Low literacy levels affect everyone
NorthumberlandToday.com – news/localnews/displayarticle
Published January 27, 2011.
Today is Family Literacy Day, in recognition of which Northumberland Today is launching a five-part series on literacy in Northumberland.
The Northumberland Poverty Reduction Action Committee works to put poverty reduction at the top of every agenda.
Family Literacy Day, Jan. 27, is an opportunity to show the link between poverty and low literacy skills, and more importantly, to create a climate for change.

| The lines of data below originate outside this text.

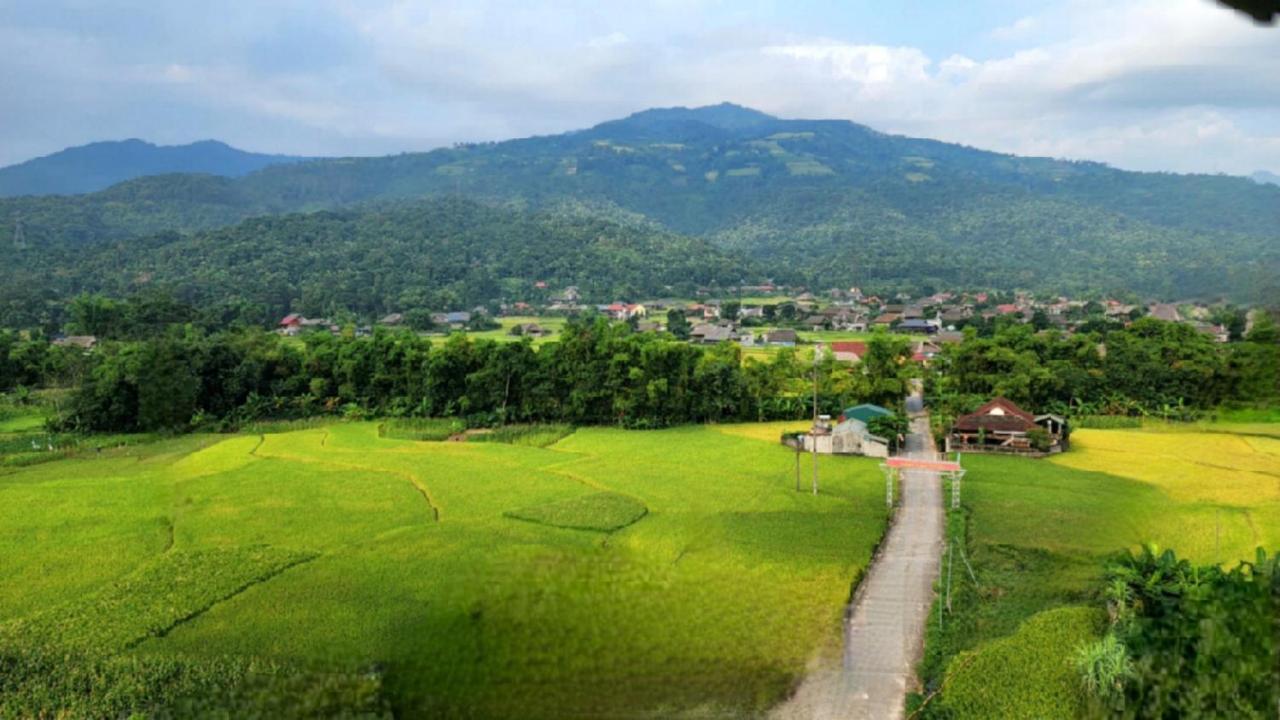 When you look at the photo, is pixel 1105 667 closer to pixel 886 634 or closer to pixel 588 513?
pixel 886 634

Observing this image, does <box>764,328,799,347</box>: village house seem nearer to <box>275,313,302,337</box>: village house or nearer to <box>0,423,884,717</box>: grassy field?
<box>0,423,884,717</box>: grassy field

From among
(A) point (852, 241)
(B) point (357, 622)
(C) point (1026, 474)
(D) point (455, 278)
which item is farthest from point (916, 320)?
(A) point (852, 241)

Improving the literacy of individuals has a direct impact on every aspect of our society — productivity, income, labour-force participation, health, poverty reduction and citizen engagement all improve when literacy increases. Having poor literacy skills has significant implications on the individual and on our community, as it leads to fewer choices in education, jobs, personal finances, housing, health and ability to engage in the community on any issue.
According to the Ontario Literacy Coalition and the Canadian Literacy and Learning Network:
* 42% of Ontarians have low literacy performance.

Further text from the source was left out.